We may need to write and run a maintenance script to initially fill the new group (it seems this was not needed for T376315, as all the groups there were new and initially empty?), afterwards it will be updated automatically.

b) Rely on caching in getLocalGroups()

(recently added for T410878)
Simply add something like:

			elseif ( in_array( 'bot', $centralUser->getLocalGroups() ) ) {
				$jwtData['rlc'] = 'local-bot';
			}

In many ways this is simpler to do, however, the case when the cached data is not available is very pessimistic (worst case requires querying hundreds of wikis and takes several seconds, and it would happen in the middle of generating a JWT token).

Event Timeline

Note you may want to check (any groups with) "bot" right instead of "bot" group - some (but not all) wikis have other related groups for bots such as "botadmin" (which may bw assigned instead of bot) or "flood" (though not intended to be assigned permanently).

Note you may want to check (any groups with) "bot" right instead of "bot" group - some (but not all) wikis have other related groups for bots such as "botadmin" (which may bw assigned instead of bot) or "flood" (though not intended to be assigned permanently).

That's a good point, but may not be possible, because we don't have a concept of "global permissions". Maybe it could be done by mapping a local permission to a global group. But wouldn't that be confusing?

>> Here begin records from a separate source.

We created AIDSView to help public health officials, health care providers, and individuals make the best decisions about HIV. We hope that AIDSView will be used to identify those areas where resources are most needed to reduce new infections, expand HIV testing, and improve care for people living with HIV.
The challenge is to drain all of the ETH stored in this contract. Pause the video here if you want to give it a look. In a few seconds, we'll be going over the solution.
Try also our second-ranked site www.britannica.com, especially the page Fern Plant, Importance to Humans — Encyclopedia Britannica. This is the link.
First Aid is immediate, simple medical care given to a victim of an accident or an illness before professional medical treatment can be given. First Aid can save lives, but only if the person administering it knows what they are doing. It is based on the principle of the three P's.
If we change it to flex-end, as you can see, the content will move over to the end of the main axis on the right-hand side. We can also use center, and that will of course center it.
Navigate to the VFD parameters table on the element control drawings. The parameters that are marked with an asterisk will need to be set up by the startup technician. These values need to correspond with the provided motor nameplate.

			elseif ( in_array( 'local-bot', $centralUser->getGlobalGroups() ) ) {
				$jwtData['rlc'] = 'local-bot';
			}

I would prefer if we could decouple the names of mediawiki groups from the names of ratelimit classes. Also, hard-coding group names seems like a bad idea in general.

I was thinking we could have a configurable mapping, such as

$wgWikimediaGlobalGroupToRateLimitClass = [
  'local-bot' => 'approved-bot',
  'global-bot' => 'approved-bot',
]

That way, we wouldn't have to duplicate the rate limit config for approved-bot for each group, and again for bots approved using a different mechanism (e.g. WMCS account approval).

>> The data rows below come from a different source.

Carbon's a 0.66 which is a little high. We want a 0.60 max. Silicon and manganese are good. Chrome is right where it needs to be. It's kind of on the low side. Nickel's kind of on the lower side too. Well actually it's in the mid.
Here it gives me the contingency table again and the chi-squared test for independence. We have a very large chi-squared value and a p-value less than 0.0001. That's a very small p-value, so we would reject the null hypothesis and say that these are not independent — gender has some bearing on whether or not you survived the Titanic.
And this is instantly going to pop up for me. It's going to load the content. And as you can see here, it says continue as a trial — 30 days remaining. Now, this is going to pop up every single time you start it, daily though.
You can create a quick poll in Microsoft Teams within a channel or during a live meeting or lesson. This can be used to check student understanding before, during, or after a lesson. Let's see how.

Instead of the if/then/else chain, we'd then have a loop loke this:

for ( $mappings as $group => $rlc ) {
  if ( in_array( $group, $globalGroups ) ) {
	$jwtData['rlc'] = $rlc;
  }
}

Agreed with @daniel, I think that abstraction is useful here as keeps complexity with the authorisation logic inside MediaWiki. I don't see us needing a distinction between true "global" bots vs "local" bots in terms of limiting, as the signal we're looking for is that a given user/application has undergone some form of human review and deemed useful by community process.

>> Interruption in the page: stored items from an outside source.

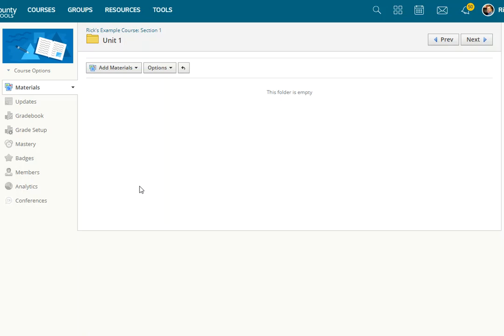First, you have to add the VoiceThread link to your course. Then you have to click on it one time, the first time as the instructor, and set up where it points to. So to do this, I'm in a Schoology course.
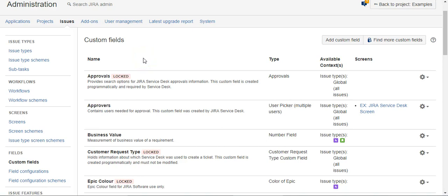Today we're going to see how to create a report field, a field that looks at other fields within the ticket and calculates a new value based on those fields. We're going to do that today using Power Fields from C Prime and the CIL simple issue language.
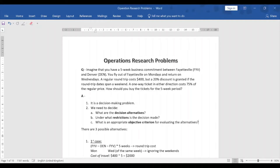Hello guys, today we are going to discuss our first Operations Research problem. We are going to discuss the basics of Operations Research and how Operations Research problems are approached.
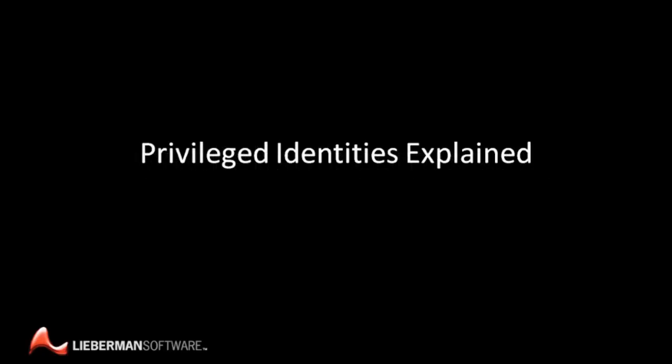To learn how easy it can be to put privileged identity management to work in your organization, visit Liebsoft.com slash secure. This has been Privileged Identities Explained. Thanks for watching.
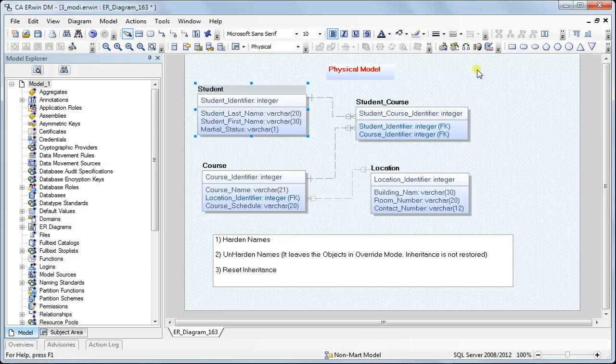Welcome to the ERwin Data Modeler tutorial. In this session we'll be discussing name hardening. Name hardening is a mechanism in ERwin Data Modeler wherein you can lock an object from being modified because of a change in naming standards or by a developer accidentally changing the name on the logical side, which would automatically be changed on the physical side.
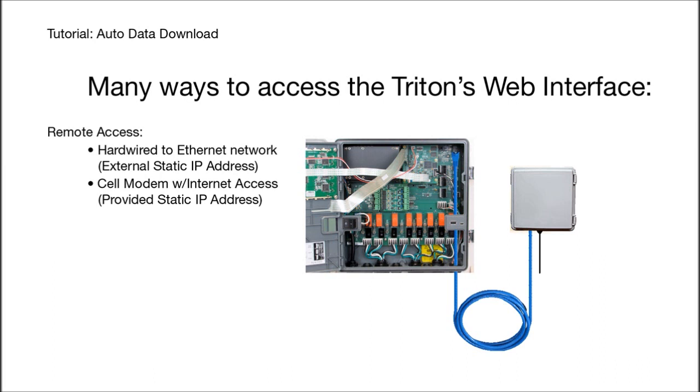The Triton's data log will periodically capture the measurement values of all the sensors and inputs. It also captures when a two-state device, such as a relay or a flow switch, changes state.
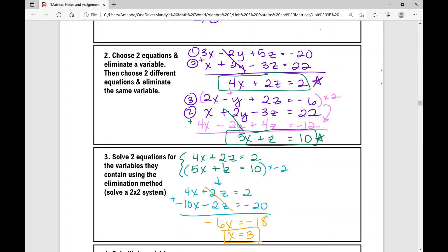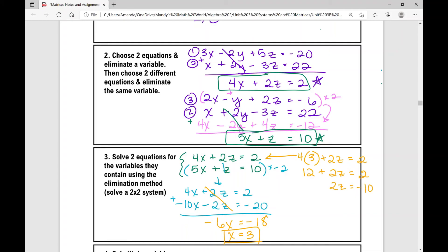Now that we have x, we can find z by substituting back. I'll use the equation 4x plus 2z equals 2, replacing x with 3: 4 times 3 plus 2z equals 2. That gives 12 plus 2z equals 2. Subtracting 12 from both sides gives negative 10, so 2z equals negative 10. Dividing both sides by 2, I get z equals negative 5.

At some point in the future we might want to approve e.g. specific OAuth apps for higher rate limits, without involving a bot account (which is more about how the account interacts with patrollers than how it interacts with infrastructure). So an extra level of abstraction is definitely the way to go.

CentralUser::getLocalGroups() is probably too slow to be called when refreshing JWT cookies (this happens during login but also on arbitrary pageviews when the cookie is about to expire), so I think option A is much better.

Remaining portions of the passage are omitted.